ResumeAtlas: Revisiting Resume Classification with Large-Scale Datasets and Large Language Models

Ahmed Heakl,Youssef Mohamed,Noran Mohamed,Aly Elsharkawy,Ahmed Zaky
2024-07-13
Abstract:The increasing reliance on online recruitment platforms coupled with the adoption of AI technologies has highlighted the critical need for efficient resume classification methods. However, challenges such as small datasets, lack of standardized resume templates, and privacy concerns hinder the accuracy and effectiveness of existing classification models. In this work, we address these challenges by presenting a comprehensive approach to resume classification. We curated a large-scale dataset of 13,389 resumes from diverse sources and employed Large Language Models (LLMs) such as BERT and Gemma1.1 2B for classification. Our results demonstrate significant improvements over traditional machine learning approaches, with our best model achieving a top-1 accuracy of 92\% and a top-5 accuracy of 97.5\%. These findings underscore the importance of dataset quality and advanced model architectures in enhancing the accuracy and robustness of resume classification systems, thus advancing the field of online recruitment practices.
Computation and Language,Artificial Intelligence,Computers and Society,Machine Learning
What problem does this paper attempt to address?

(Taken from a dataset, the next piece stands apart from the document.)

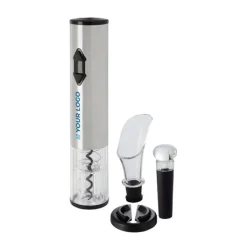 Gift Campaign Cavatappi elettrico con taglia capsule, versatore e tappo Tools></noscript> Cavatappi Personalizzati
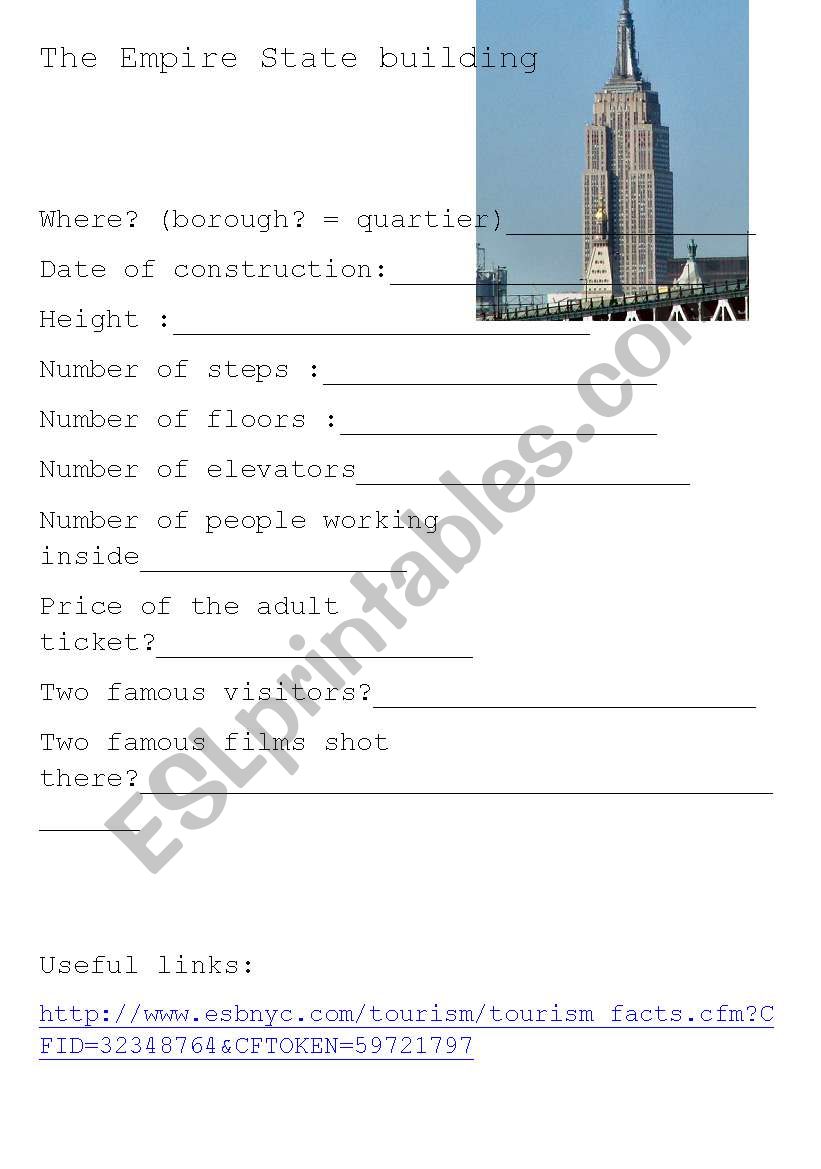 the empire state building worksheet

This paper focuses on the resume classification problem, which is an important task in online recruitment process. As more and more companies rely on online recruitment platforms, the efficiency and accuracy of resume classification become crucial. However, existing classification models face challenges such as small datasets, lack of standardization templates, and privacy issues, which affect the performance of the models. The paper proposes a comprehensive approach to improve resume classification. The researchers collected a large-scale resume dataset, consisting of 13,389 resumes from different sources, covering 43 different categories. This is currently the largest known resume classification dataset. They utilized large language models such as BERT and Gemini 1.1 2B for classification and achieved significantly better results than traditional machine learning methods. The top-1 accuracy of the best model is 92%, and the top-5 accuracy is 97.5%. Furthermore, the paper emphasizes the importance of dataset quality and advanced model architecture in improving the accuracy and robustness of the resume classification system. They provide open-source code and dataset to promote research reproducibility and further development. By addressing challenges in data collection and preprocessing, such as data privacy and inconsistent formats, the paper demonstrates how to overcome the limitations of current technology and advance online recruitment practices.